The U.S. Department of Education on Friday said it’s canceling nearly $5 billion in federal student loan debt owed by some 73,600 borrowers, a majority of whom are public servants.

The announcement marks the the latest effort by the Biden administration to target specific groups of federal student loan borrowers by tweaking and expanding rules under existing relief programs, after the U.S. Supreme Court shot down its broader and more expensive debt cancellation plan.

Of those 73,600 beneficiaries announced on Friday, 43,900 are receiving $3.2 billion in student loan discharge through Public Service Loan Forgiveness, a program that erases outstanding student loan balances for those working in public service jobs like teachers, nurses, or police officers once they have made 10 years of qualifying payments.

In 2021, the Biden administration overhauled the Loan Forgiveness program, allowing hundreds of thousands of borrowers to get additional credit toward the final discharge.

The other $1.7 billion is going to 29,700 people currently enrolled in income-driven repayment plans. Under such a plan, the amount of monthly payment is adjusted based on the borrower’s income and family size, and the borrower may be eligible to have any remaining debt wiped out after a certain amount of time in repayment, typically after 20 years for those with undergraduate student loans and 25 years for those with graduate school loans.
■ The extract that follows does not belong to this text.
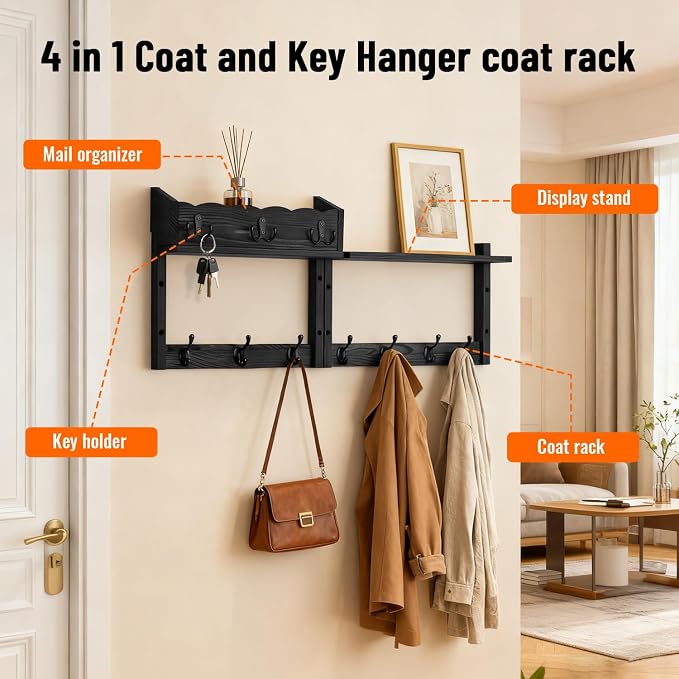28" Coat Rack Wall Mount with Shelf with 7 Hooks 3 Key Hanger | Entryway Key - Image 3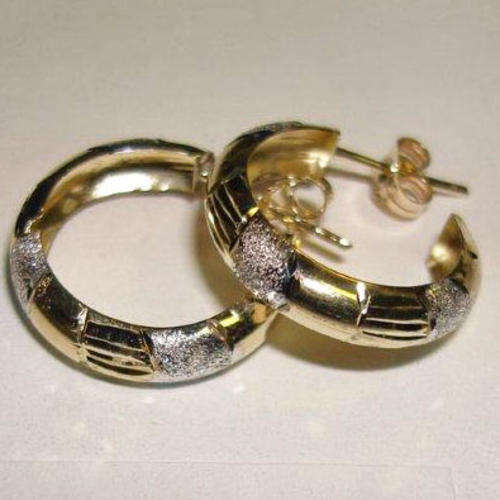SOLID 9CT GOLD DESIGNER HOOP EARRINGS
According to the Education Department, those 29,700 borrowers have been in repayment for at least 20 years and have earned their eventual debt relief, but have not received it because loan servicers failed to “accurately account” for their payments.

Including Friday’s relief, the Biden administration has so far approved the cancellation of over $136 billion in student loan debt for more than 3.7 million people.

“Today we are helping borrowers who were promised help with their loans, planned their lives around those promises, and earned forgiveness through years of payments,” U.S. Under Secretary of Education James Kvaal said in a statement, promising to help “all of those harmed by the broken student loan system.”